Record set
-.-.-

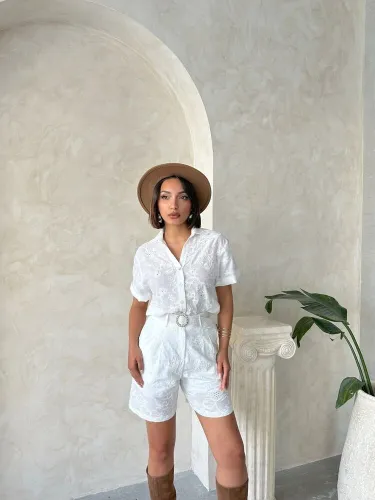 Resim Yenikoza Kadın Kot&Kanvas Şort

-.-.-

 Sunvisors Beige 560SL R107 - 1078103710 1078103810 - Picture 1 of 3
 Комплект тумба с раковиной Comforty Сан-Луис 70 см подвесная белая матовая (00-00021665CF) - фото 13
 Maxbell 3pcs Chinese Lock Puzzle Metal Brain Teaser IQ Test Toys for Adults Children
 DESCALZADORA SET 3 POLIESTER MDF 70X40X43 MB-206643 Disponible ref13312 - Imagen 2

-.-.-

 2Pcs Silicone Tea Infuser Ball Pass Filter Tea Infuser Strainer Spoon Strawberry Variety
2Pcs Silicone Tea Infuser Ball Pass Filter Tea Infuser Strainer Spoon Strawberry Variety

-.-.-

Instructions for the task
Keep only the lines of the listing that contain the word "Ball", and copy them.

Task answer
 2Pcs Silicone Tea Infuser Ball Pass Filter Tea Infuser Strainer Spoon Strawberry Variety
2Pcs Silicone Tea Infuser Ball Pass Filter Tea Infuser Strainer Spoon Strawberry Variety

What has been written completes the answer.